Chapter 38

Gavriil

My chest feels tight enough to bruise.

From the upstairs window, my eyes trailed Dominik and Alina as they walked to the car a few minutes ago. Alina’s hand was on Dominik’s arm like he was the only thing grounding her to the earth.

Jealousy still flickers through me. Only an hour ago, she was tucked under my arm, sleeping soundly like everything was right in the world.

I wish that it was. I wish that holding her could be normal for me.

Pressure formed under my ribs as I watched Valentin open the back door of the SUV. Dominik stepped forward first, but Alina paused.

She paused.

Then she climbed into the car, and it carried her away from here.

From me.

“Fuck,” I breathe out as I rest my forehead against the window.

Watching them leave felt like having my heart ripped out of my chest. It’s a loss that I know will haunt me forever, but there’s no going back now. The decision has been made, and they’re gone.

They’re…gone.

It was risky letting her stay as long as I did just to have her once, letting her sleep in my arms for a few minutes. But it was harder to leave her than I even expected it to be.

I swallow around the knot in my throat and turn away from the window, still feeling that pull deep in my chest that I’ve only ever felt toward Alina. There’s a name for it that I can’t even speak, but it lingers, refusing to leave, too.

I drop down onto one of the cushioned chairs in the lounge where men smoke cigars and drink vodka. I consider pouring myself a glass or two to dull this festering pain, but I need to stay sharp.

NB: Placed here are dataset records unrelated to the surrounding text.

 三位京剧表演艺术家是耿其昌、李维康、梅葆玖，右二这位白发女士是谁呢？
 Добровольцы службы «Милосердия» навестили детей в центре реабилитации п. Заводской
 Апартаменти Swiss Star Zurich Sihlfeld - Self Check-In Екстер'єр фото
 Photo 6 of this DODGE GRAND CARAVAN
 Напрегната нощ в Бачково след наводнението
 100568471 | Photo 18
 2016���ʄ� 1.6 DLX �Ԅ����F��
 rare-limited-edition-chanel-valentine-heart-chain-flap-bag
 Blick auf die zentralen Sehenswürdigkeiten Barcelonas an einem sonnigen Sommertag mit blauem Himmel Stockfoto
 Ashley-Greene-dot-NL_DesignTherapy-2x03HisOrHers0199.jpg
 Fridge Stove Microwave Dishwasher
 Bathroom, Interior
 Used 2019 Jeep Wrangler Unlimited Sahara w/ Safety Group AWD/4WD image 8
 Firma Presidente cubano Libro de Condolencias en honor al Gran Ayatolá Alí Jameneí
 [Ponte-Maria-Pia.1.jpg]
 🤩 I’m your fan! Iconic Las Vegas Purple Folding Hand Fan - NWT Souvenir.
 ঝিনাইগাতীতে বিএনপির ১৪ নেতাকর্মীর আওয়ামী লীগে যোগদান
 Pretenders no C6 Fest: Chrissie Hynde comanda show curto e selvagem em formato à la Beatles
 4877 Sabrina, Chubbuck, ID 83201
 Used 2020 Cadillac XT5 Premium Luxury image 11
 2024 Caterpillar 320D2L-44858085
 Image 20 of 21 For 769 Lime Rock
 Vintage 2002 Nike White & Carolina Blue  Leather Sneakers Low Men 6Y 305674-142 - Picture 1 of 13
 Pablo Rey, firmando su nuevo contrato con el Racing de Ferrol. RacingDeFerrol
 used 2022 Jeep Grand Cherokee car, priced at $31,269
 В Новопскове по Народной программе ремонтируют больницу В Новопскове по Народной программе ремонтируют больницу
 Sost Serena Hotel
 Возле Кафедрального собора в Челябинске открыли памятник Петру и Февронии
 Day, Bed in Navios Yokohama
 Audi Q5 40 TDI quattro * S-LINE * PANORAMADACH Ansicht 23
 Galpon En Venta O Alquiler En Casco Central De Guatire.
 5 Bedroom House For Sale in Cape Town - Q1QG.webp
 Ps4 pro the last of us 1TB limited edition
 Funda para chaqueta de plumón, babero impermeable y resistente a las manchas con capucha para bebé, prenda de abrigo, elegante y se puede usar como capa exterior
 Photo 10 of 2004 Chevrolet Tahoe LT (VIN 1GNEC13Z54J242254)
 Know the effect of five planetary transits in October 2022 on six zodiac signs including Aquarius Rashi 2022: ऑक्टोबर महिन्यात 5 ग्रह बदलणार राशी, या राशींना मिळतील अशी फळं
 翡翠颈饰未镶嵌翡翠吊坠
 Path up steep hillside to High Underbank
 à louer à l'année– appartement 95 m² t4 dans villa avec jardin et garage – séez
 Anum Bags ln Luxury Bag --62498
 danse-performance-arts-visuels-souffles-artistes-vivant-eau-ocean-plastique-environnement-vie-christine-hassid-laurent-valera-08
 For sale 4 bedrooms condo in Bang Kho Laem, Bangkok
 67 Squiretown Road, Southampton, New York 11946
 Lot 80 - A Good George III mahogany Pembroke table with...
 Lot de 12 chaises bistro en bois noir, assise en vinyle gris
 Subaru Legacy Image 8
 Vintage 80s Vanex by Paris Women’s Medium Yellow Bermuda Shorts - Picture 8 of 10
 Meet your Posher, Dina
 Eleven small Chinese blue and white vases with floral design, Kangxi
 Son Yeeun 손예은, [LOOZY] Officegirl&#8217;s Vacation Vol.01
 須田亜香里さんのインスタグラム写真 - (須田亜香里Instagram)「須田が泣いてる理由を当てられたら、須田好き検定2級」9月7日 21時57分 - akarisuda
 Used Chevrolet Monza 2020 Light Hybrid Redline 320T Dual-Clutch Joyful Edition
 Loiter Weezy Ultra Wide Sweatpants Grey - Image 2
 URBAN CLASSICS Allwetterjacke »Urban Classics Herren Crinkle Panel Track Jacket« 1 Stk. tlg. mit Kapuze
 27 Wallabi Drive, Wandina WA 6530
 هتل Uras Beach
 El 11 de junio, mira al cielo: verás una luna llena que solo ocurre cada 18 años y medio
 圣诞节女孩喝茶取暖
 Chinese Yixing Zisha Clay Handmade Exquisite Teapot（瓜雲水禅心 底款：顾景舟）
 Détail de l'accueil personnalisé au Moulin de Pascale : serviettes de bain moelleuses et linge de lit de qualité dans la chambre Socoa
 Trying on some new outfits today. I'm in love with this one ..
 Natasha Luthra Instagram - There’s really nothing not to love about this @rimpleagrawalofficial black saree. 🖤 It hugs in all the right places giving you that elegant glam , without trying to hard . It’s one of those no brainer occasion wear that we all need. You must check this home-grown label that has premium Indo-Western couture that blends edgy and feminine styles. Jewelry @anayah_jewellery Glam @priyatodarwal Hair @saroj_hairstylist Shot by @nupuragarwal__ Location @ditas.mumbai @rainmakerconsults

The attack could happen soon, and I want to fight with everything that I have. I don’t need to be stumbling around drunk again.

Another moment of failure for me.

I’ve made enough bad decisions these past few months that I no longer trust my own judgment.

I couldn’t tear Dominik and Alina apart no matter how hard I tried. They’re meant to be together against all odds.

And that thought fucking hurts because I love my brother. He’s not just my flesh and blood. He’s my second in everything. We’ve always been by each other’s sides.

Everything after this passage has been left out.